The architect Jamie Fobert explores the National Portrait Gallery with
The Globe and Mail:
The rise of Kingston-born designer Fobert, whose latest project is a £35-million overhaul of Britain’s National Portrait Gallery, hints at a pendulum swing away from flashy starchitects and toward something more thoughtful, welcoming and even morally guided. (...)
Back inside, he veers seamlessly from the smallest details to the largest questions of the gallery’s identity. He leads the way to “a really bad painting” – the only group portrait of Charlotte, Emily and Anne Brontë – to underline the building’s hybrid nature, both a history museum and an art gallery. (Katherine Ashenburg)

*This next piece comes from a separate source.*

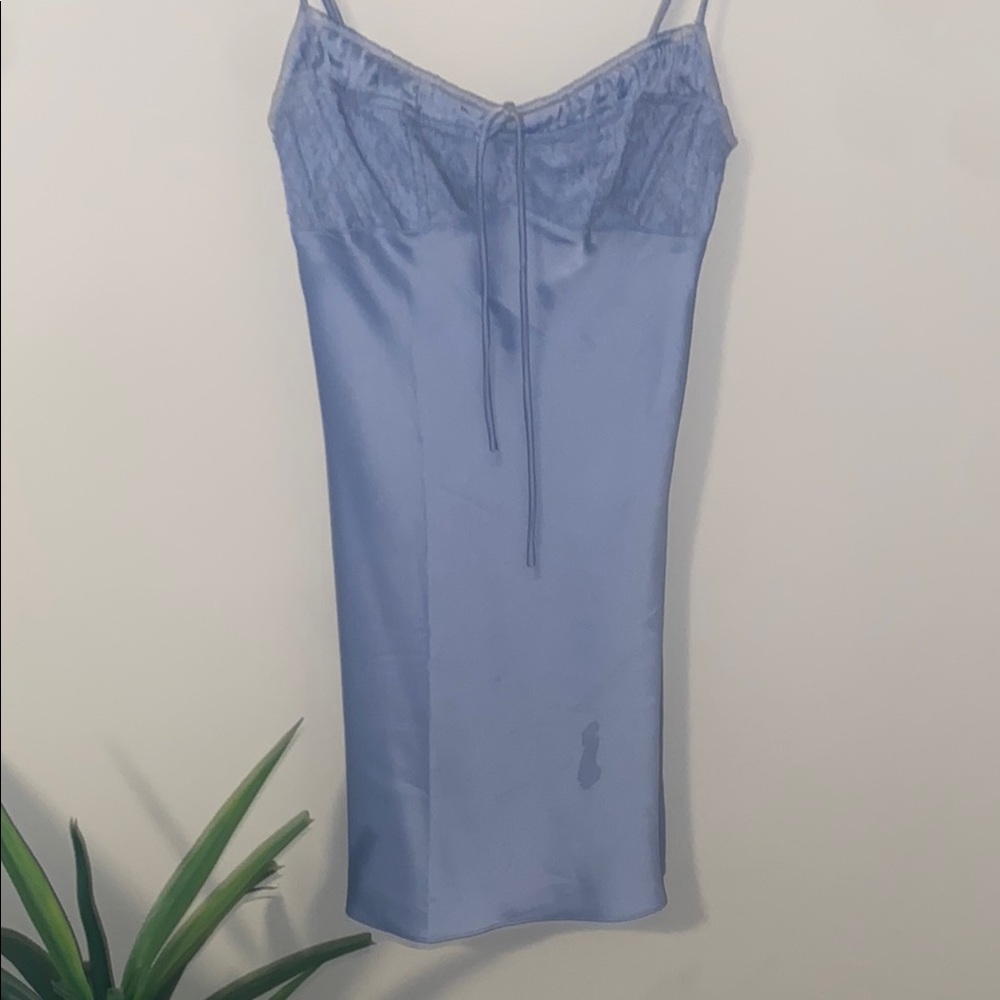 Elegant Blue Lace Trim Chemise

The Conservative Woman ridicules (with good reason) the story of
these poor GCSE pupils:
They’d better not try Tess of the D’Urbervilles, and Jane Eyre is also decidedly dodgy. Young women used to love it but now they know better.
‘I decidedly preferred these fierce favours to anything more tender,’ says misguided Jane. Her chosen man, Rochester, often seems to be on the brink of violence. He has also unforgivably locked his mad wife (driven insane by him no doubt) in the attic. Then there’s Heathcliff in Wuthering Heights by sister Emily. Better not go anywhere near him, even if being played by Cliff Richard in a musical. (Jane Kelly)
Diane Hessan in
The Boston Globe compares Jane Eyre and Donald Trump (yes, it gave us chills just writing such a thing):
Jane Eyre, the heroine of the famous Charlotte Brontë novel, stated, “I am not an angel, and I will not be one ’til I die”, and we cheered as she said it. Trump may be no angel, but in 2020, disapproving Americans just might vote for him anyway.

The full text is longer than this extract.